━━━━━ MATERIAL SUPPLIED

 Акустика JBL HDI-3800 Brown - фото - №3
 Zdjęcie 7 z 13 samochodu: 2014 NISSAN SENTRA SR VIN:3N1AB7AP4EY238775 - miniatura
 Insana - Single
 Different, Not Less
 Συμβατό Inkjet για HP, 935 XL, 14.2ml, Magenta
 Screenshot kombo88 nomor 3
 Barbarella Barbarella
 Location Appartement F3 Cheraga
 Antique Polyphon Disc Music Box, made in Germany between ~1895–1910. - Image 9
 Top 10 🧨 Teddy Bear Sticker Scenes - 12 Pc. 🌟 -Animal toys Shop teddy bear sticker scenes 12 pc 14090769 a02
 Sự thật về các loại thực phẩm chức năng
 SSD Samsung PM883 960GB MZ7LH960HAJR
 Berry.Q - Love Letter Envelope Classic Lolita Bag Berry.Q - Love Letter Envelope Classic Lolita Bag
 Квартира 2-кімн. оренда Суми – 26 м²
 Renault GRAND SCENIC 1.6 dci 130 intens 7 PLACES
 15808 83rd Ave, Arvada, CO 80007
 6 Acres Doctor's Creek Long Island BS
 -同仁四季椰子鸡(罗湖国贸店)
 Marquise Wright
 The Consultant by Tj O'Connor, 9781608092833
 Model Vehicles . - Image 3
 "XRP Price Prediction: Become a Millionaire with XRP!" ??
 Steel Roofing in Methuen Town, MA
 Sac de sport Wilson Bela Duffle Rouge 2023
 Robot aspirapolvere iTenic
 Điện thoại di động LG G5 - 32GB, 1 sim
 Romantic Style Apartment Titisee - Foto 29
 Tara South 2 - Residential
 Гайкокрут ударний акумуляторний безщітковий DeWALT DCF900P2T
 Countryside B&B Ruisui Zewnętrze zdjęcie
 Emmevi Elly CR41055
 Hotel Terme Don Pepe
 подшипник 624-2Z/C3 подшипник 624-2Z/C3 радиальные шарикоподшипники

━━━━━━━━━━

• THE TASK:
Quote exactly what appears from the line containing "Emmevi Elly CR41055" through the final line of the listing above, including both of those lines.

• FINISHED TASK:
 Emmevi Elly CR41055
 Hotel Terme Don Pepe
 подшипник 624-2Z/C3 подшипник 624-2Z/C3 радиальные шарикоподшипники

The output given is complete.